WASHINGTON, D.C. — Much of the world has been awaiting what President Joe Biden might say about climate change at the Glasgow, Scotland, summit, or whether he and Pope Francis would discuss migration when the two meet at the Vatican.
But they might have missed what the White House has already said in October about both climate change and migration — and how one affects the other.
Joan Rosenhauer, executive director of Jesuit Refugee Service USA, has noticed, and likes much of what she sees.
“The most impactful part for me was that the administration was putting so much emphasis on climate change and displacement. Because it has just not gotten enough attention anywhere,” said Rosenhauer of the White House’s 37-page paper “Report on the Impact of Climate Change on Migration.”
“There will be a lot of work to be done to carry out some of the key elements of the report. I was pleased to see the suggestion that an effort has to be made to find ways to include climate-related causes of displacement in consideration for refugee status,” Rosenhauer told Catholic News Service in an Oct. 25 phone interview.
“That is going to take work, and a process, and the devil is in the details, but I was very pleased to see that element of the report included.”
“Given the growing trend in displacement related to climate change, expanding access to protection will be vital,” said the White House report, released Oct. 21.
“The United States will need to strengthen the application of existing protection frameworks, adjust U.S. protection mechanisms to better accommodate people fleeing the impacts of climate change, and evaluate the need for additional legal protections for those who have no alternative but to migrate,” it said.
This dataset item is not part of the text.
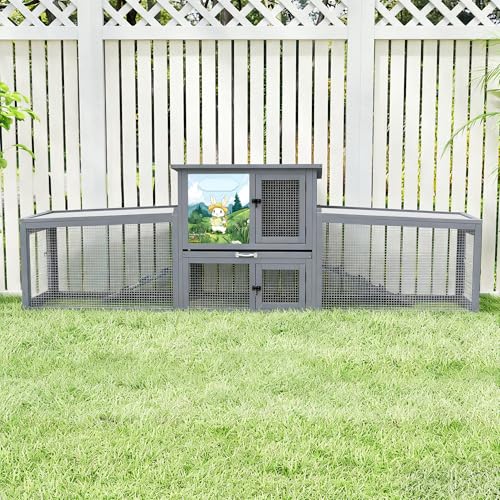 COZIWOW 95inches Extra Large Wood Rabbit Hutch Outdoor Easy to Assemble and Stable Bunny Cage Indoor with Cleaning Tray & Waterproof Roof for Small and Medium Bunny Rabbit Chick（Grey with Pattern）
“The very connection between climate change and displacement is a new focus for this administration, certainly, over the previous administration. So that’s one thing they’re more cognizant of,” Rosenhauer said.
“The focus on urban areas — one of the key impacts of changes in weather patterns is that rural areas suffer, people who make their living in agriculture suffer, and that often leads them to abandon their farms and go into the cities to find a new way to make a living to support their families in the cities, and puts pressure on the urban areas to accommodate the new population,” she added, “so I thought that was helpful.”
The White House report said, “The current migration situation extending from the U.S.-Mexico border into Central America presents an opportunity for the United States to model good practice and discuss openly managing migration humanely, highlight the role of climate change in migration, and collaborate with other governments to address these challenges,” while noting also a “lack of bipartisan agreement” on how to address the issue.
Given the divided nature of Congress, Rosenhauer suggested a couple of recommendations in the report that representatives of both major political parties can find agreement.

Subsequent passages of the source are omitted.